American college baseball tournament

The 2000 Big East Conference baseball tournament was held at Commerce Bank Ballpark in Bridgewater, New Jersey. This was the sixteenth annual Big East Conference baseball tournament. The won their second tournament championship, and second in three years, to claim the Big East Conference's automatic bid to the 2000 NCAA Division I baseball tournament.

== Format and seeding ==
The Big East baseball tournament was a 6 team double elimination tournament in 2000. The top six regular season finishers were seeded one through six based on conference winning percentage only. Notre Dame claimed the second seed by winning the season series over Seton Hall.

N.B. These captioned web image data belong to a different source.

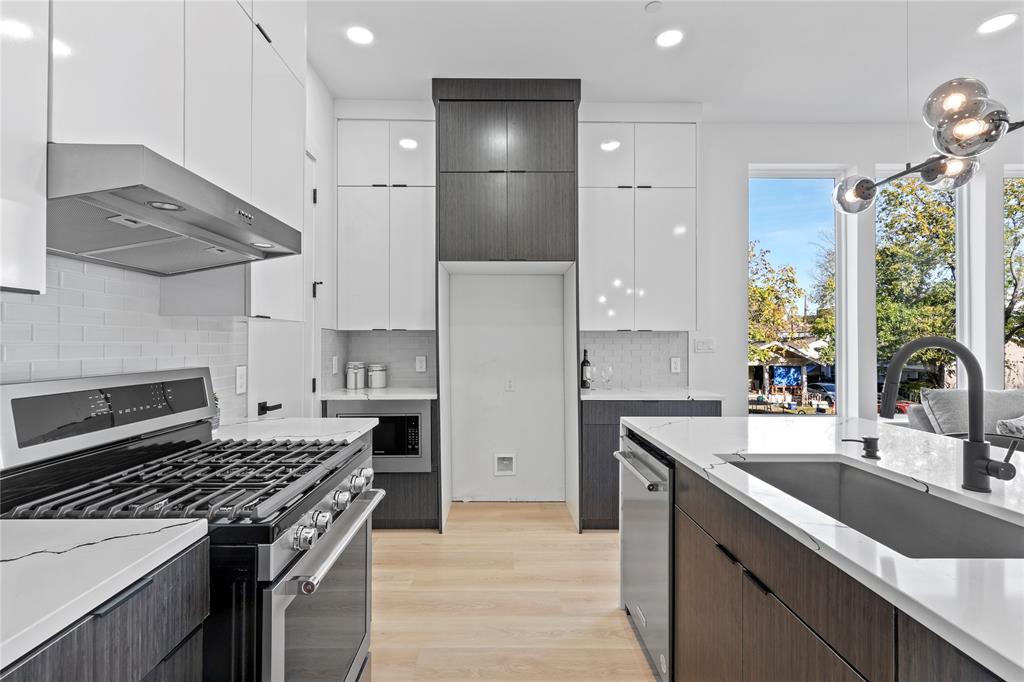 2015 California Drive Property Photo 13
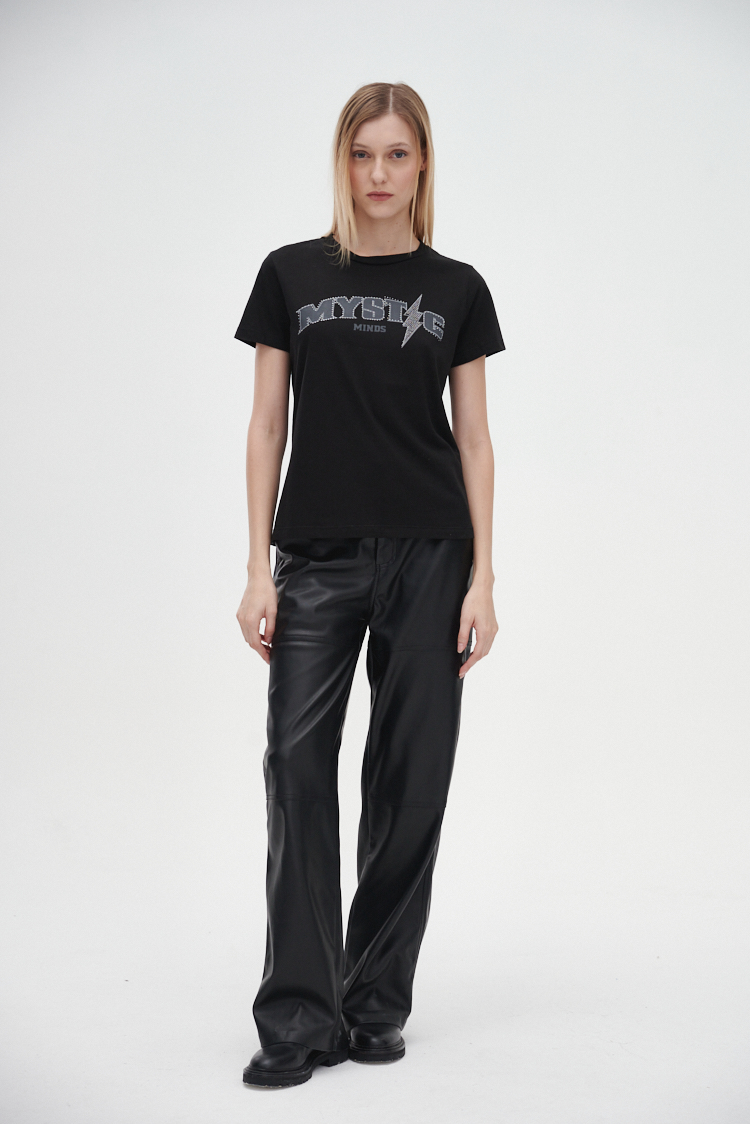 REMERA ESTAMPADA BRILLOS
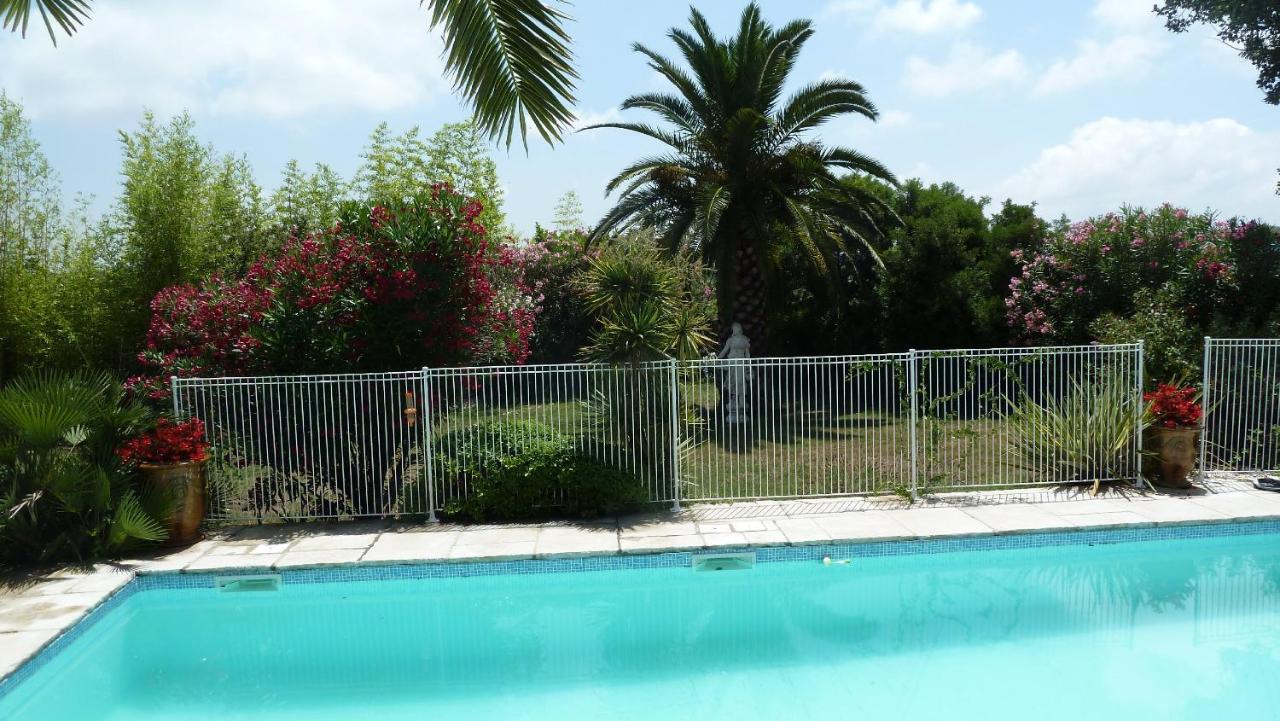 Bed and Breakfast Les Cigalous Restinclieres Exterior foto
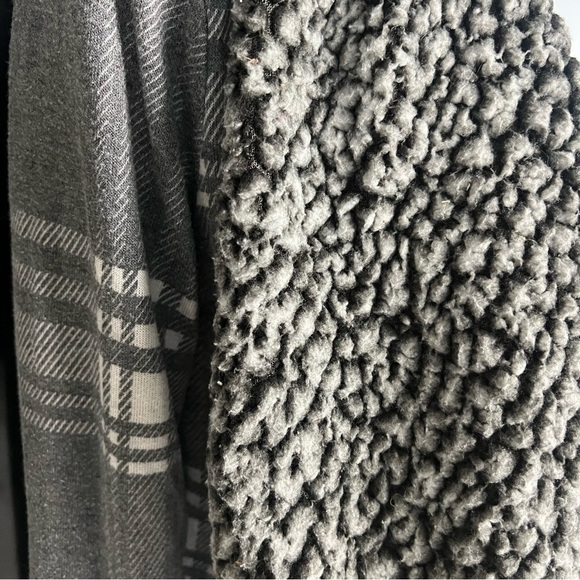 Thread & Supply Sherpa Lined Open Front Oversized Cardigan Gray White Small - Picture 10 of 11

| Team | W | L | Pct. | GB | Seed |
|---|---|---|---|---|---|
| Rutgers | 18 | 5 | .783 | – | 1 |
| Notre Dame | 18 | 7 | .720 | 1 | 2 |
| Seton Hall | 18 | 7 | .720 | 1 | 3 |
| Connecticut | 14 | 9 | .609 | 4 | 4 |
| Boston College | 12 | 11 | .522 | 6 | 5 |
| Pittsburgh | 11 | 13 | .458 | 7.5 | 6 |
| West Virginia | 10 | 12 | .455 | 7.5 | – |
| St. John's | 8 | 15 | .348 | 10 | – |
| Villanova | 8 | 15 | .348 | 10 | – |
| Georgetown | 1 | 24 | .040 | 18 | – |

== Jack Kaiser Award ==
Bobby Brownlie was the winner of the 2000 Jack Kaiser Award. Brownlie was a freshman pitcher for Rutgers.